Good story idea though. It just needs another draft on the hook.

Sonarbabe said...

Virginia Miss: Could you help me with some of my passive voice issues? LOL. I don't have many in my stories, but the ones I have are a bugger to figure out. :)

A Paperback Writer said...

I liked the idea of the story. :)

HawkOwl said...

You know what I don't get, is that I thought I was paying this book a compliment, but I got moderated, and yet some of the bitchiest things I say get posted.

So I'll say it again and hope it gets through: I was intrigued by the setting, but I can't figure out the plot at all. If you had a little more plot in your hook I might have loved it.

So I guess pretty much what Miss Snark said. Good luck with it.

Wabi Sabi said...

Why does a hook have to contain 'a sense of urgency'? What about the subtle, the meditative, the reflective, the impressionistic, the understated? I don't want to be slammed by every novel I read.

Ohhhh, 'our sick hurry and divided aims.' (Matthew Arnold).

Lights, camera, action.

Pipe, slippers, Philosan.

HawkOwl said...

Wabi Sabi: amen.

Anonymous said...

As the author of this hook I just wanted to say thanks to everyone who commented. Particularly virginia miss, that was sooooo helpful.

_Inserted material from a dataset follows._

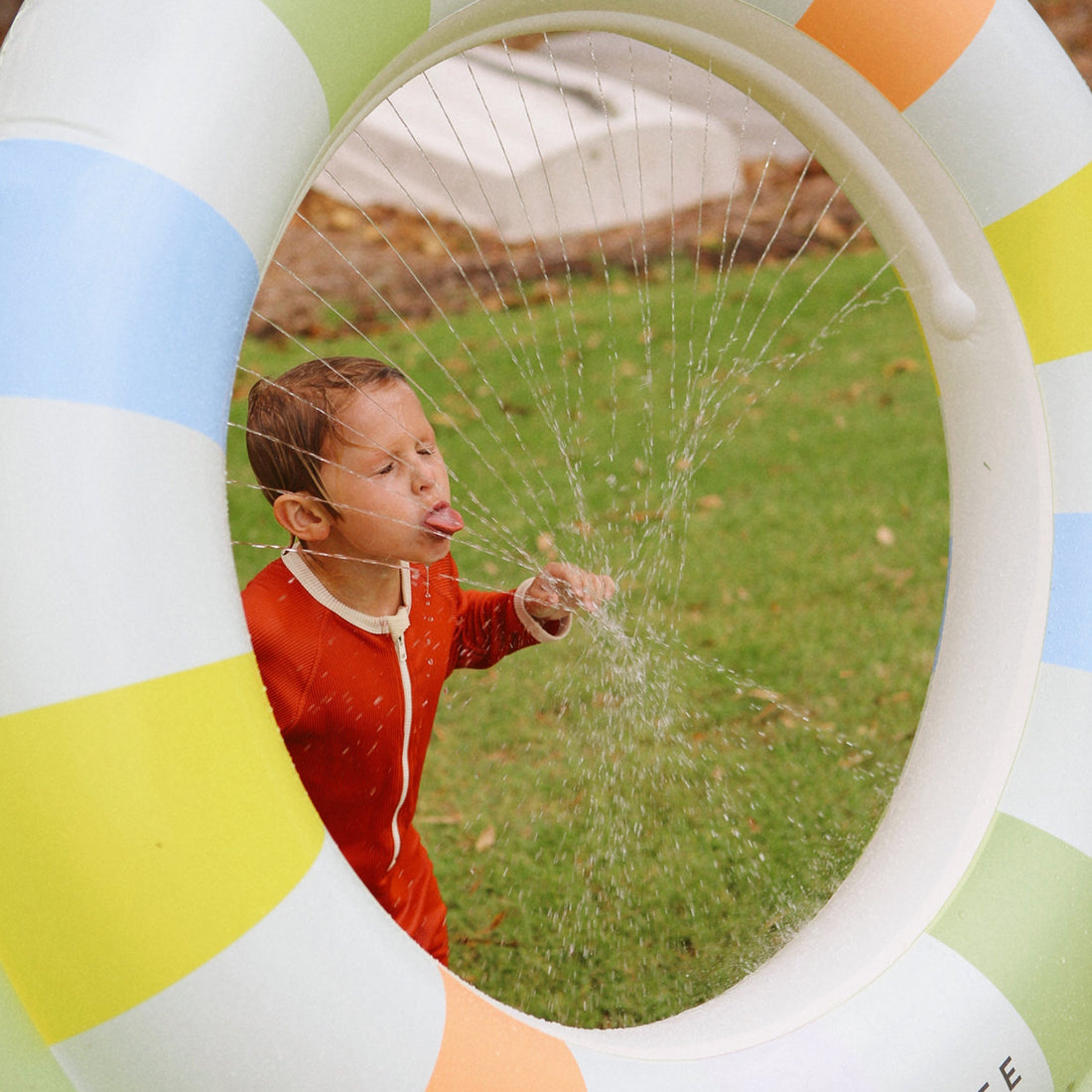 sunnylife-snail-giant-sprinkler-into-the-wild-multi-sunl-s41gissn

I have a really good idea how to fix this hook now and when I finish editing and send out queries in the new year I'll be doing so with confidence!

God bless the crapometer!

Anonymous said...

Normally I'm all over active sentence construction, but I thought some of the passive voice might have been done on purpose. In Aratika's world, things happen to women and girls--they do not make choices, so the passive voice kind of relayed that to me. Perhaps the active voice will come out when we get a sense of the MC gaining control/getting a sense of her power/becoming a heroine (however she accomplishes that).